The entire proposed settlement is here: http://cdn.americanbanker.com/media/pdfs/040111CandD.pdf

Sunday, March 6, 2011

The Good, the Bad, and the Unethical: Hints for finding a good lawyer

There is a lot of fraud directed toward homeowners in foreclosure. Rescue scammers, including attorneys, realize that a homeowner faced with the loss of his or her home is vulnerable. Homeowners will pay a lot of money for nothing from a lawyer with a fancy office and slick story while viewing me with distrust because I tell the truth: I cannot guarantee a result.

Many attorneys are taking unethical actions. These include soliciting clients at the courthouse. This is illegal.

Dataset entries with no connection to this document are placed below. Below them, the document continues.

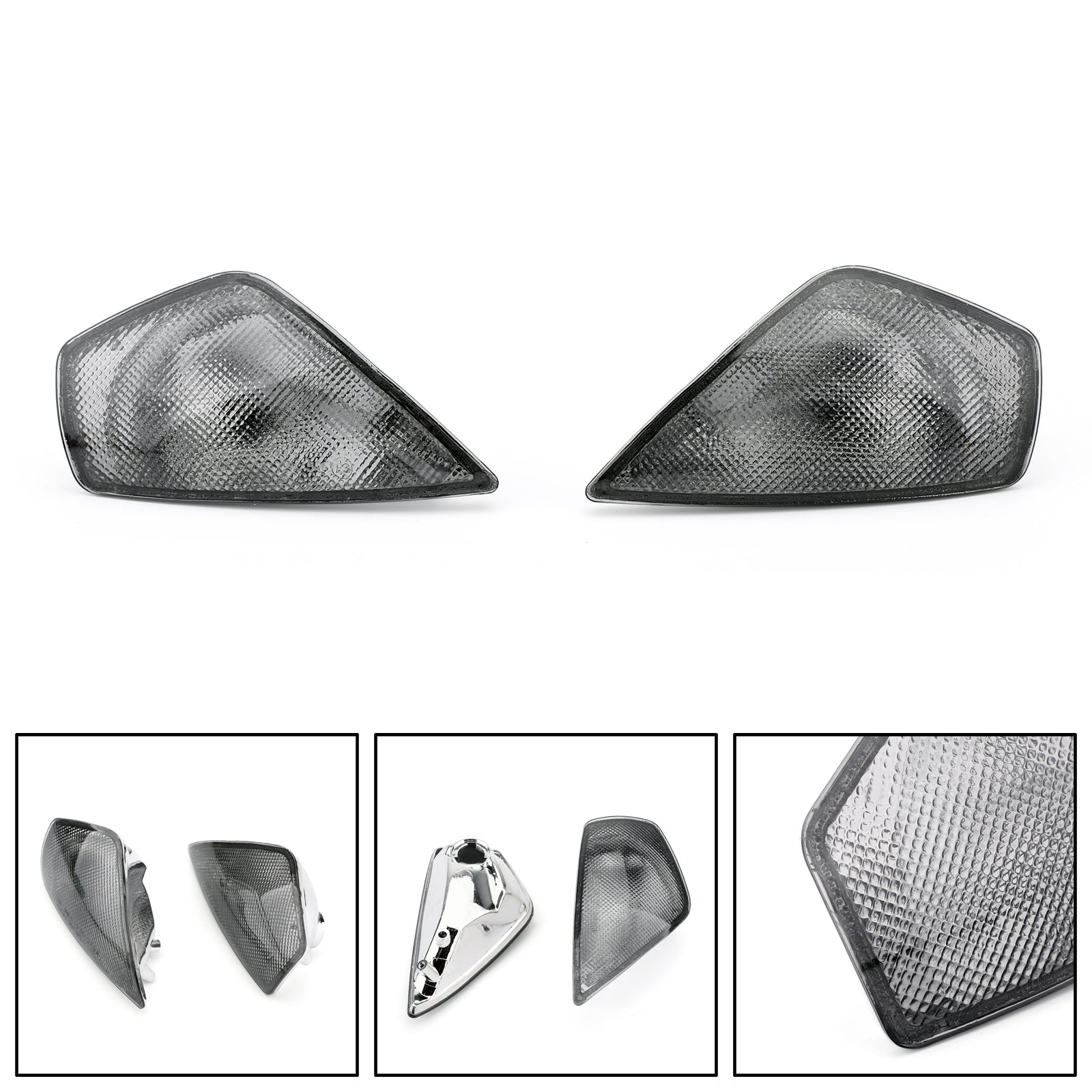 Clignotants Avant Pour Objectif Ducati 749 999 (02-2006) Generic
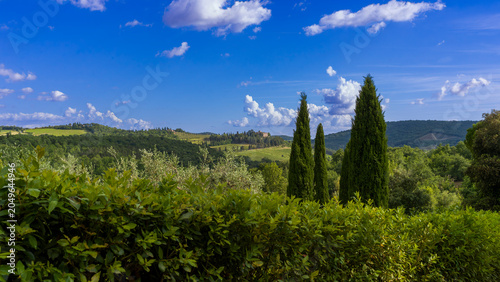 panorama toscano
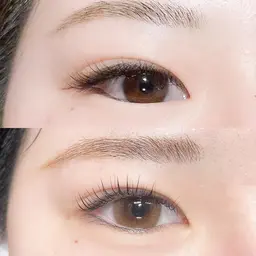 💜"上下"まつ毛カールor パリジェンヌ/通常¥12,100➡︎✨4/1（火） 16時限定で無料✨⚠️※訪問先注意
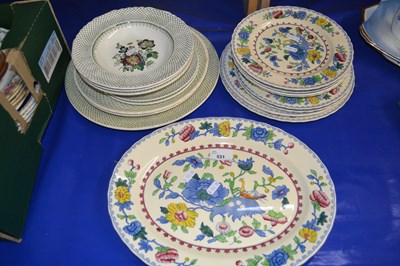 Lot 531 - Quantity of Masons iron stone Regency china...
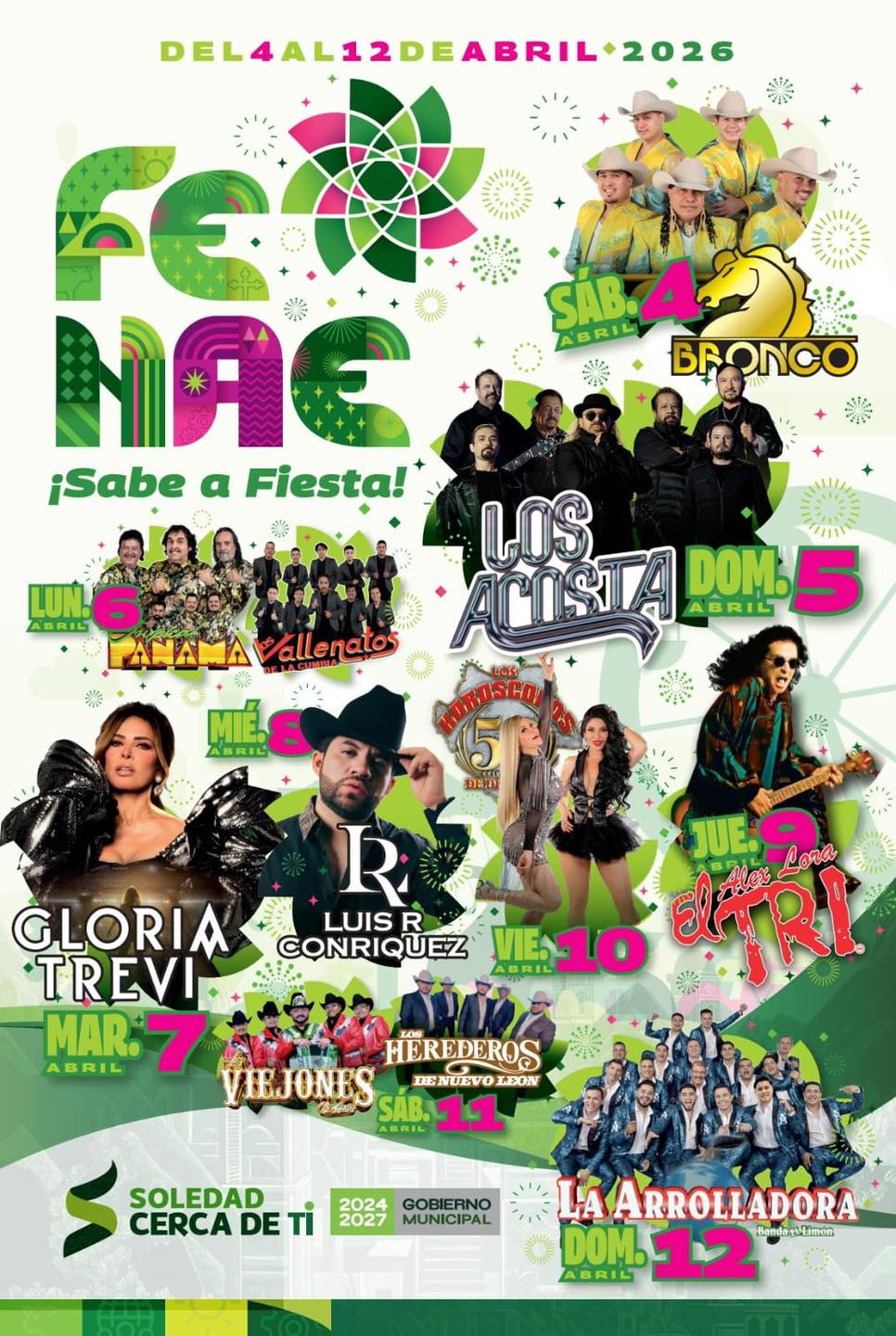 Feria Nacional de la Enchilada 2026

Other attorneys promise to "delay" the foreclosure. This is unethical. The rules governing attorneys do not allow anything to be done just to cause a delay. There are many steps an attorney can do, if justified after reviwing an individual case, that happen to also slow down the foreclosure. But, an attorney who promises "a delay" without carefully considering every aspect of your case is breaking the rules--the same rules that guard against the attorney stealing your money or selling your confidential information.

Another unethical practice is taking money on a monthly basis, often equivalent to half one's mortgage payment. This is not permitted because attorneys are required to charge a fee that is reasonable related to services performed. During a lawsuit, there are many months when the attorney does not do anything. For example, the judge may have given the bank's attorney a month to file a paper, and the homeowner's attorney is simply waiting.

I had a recent email inquiry from someone outside my state who wanted to know how to find a good attorney, and may answer is below. For those in foreclosure, one of the most important things is to start out talking to a HUD-Certified Housing Counseling Agency. These services are FREE. A lawyer may be needed, but the counselor can help homeowners get a good start. A listing is available at www.hud.gov

Here are some tips for seeking an attorney that is not out to take advantage of you. There is no substitute for your good judgment after you speak with theGood attorneys:

--Don't advertise with huge ads on the back of phone books or on late-night TV or on billboards

--Don't tell you you have only one option, such as bankruptcy

--Don't sell products like a "forensic loan analysis" or say they are "experts" in areas like being a "short-sale" expert or "modification" expert

--Won't take your money for something another service will do for free. Free services include HUD-Certified Housing Counseling Agencies. There are exceptions--some people choose to hire me once I tell them there are other options. In cases where they have the money, that is fine

--Have a written retainer that tells you your rights and responsibilities

--Have a clear billing plan based on an hourly rate (NOT a monthly payment regardless of whether work is done that month) OR based on recovery from a third-party as a contingency of winning where the main goal is to sue someone and win money (rarely the case with mortgages; almost always the case with things like car accidents)

--Provide you with monthly statements or bills or some other way to know what is being done for you and why you are being asked to pay

Try going to your bar association to see if they have a referral service. It is best if these attorneys are screened. Check the state disciplinary records (official records maintained by the state disciplinary board, usually available online--NOT just a site that lets comsumers post comments) before hiring anyone. The latter often contain falsified information that attorneys post for each other as "satisfied clients."

Bear in mind that every case has a deadline called a statute of limitations. Once this passes, the legal claim is lost. Never delay in seeking an attorney, and always be clear with attorneys about dates as you describe your case.